The impact of particles on the lung
On the tissue and cellular level, PM-deposition insults can result in pulmonary inflammation, airway hyperreactivity, epithelial cell damage, and increased epithelial permeability [Fabbri et al., 1984]. The formation of reactive oxygen species and subsequent lipid peroxidation is believed to play a major role in toxicity; however, the rate of formation of reactive oxygen species can depend on synergistic effects between components of PM and on the presence of relatively benign materials. The direct mechanisms by which the wide variety of airborne PM types impact target cells in the respiratory system are diverse, thus severely complicating schemes to monitor the potential impact of the release of such particulates into the atmosphere.

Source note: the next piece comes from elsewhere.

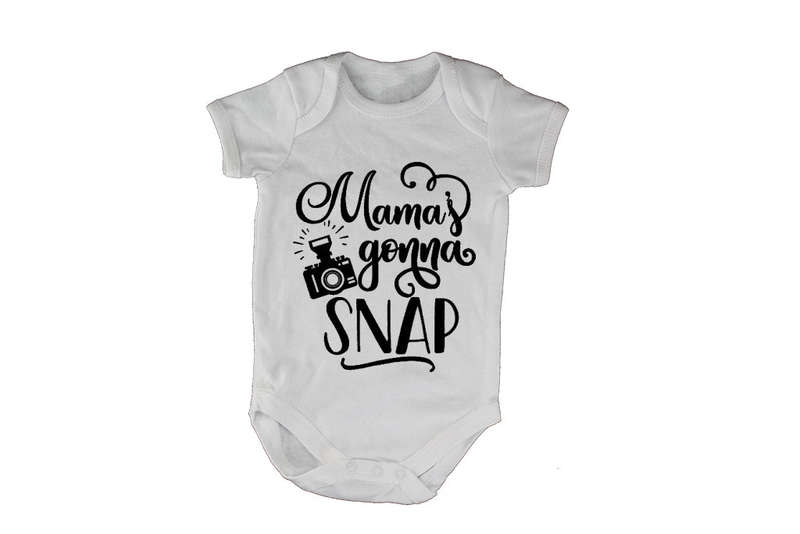 Mama's Gonna Snap - Baby Grow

Studies using different in vitro cellular systems have shown varying degrees of proinflammatory and oxidative-stress–related responses after exposure to PM [Brown et al., 2001; Li et al., 2003]. Oxidative stress leading to intracellular damage (often to DNA) and to changes in gene expression and signaling pathways are considered to be the most likely mechanism underlying toxicity of PM. The interpretation of in vitro studies can be difficult as experimenters from differing laboratories utilize their own unique methods for collecting or producing PM, for dosing particles, and for analyzing cellular responses. Standards for testing must be developed.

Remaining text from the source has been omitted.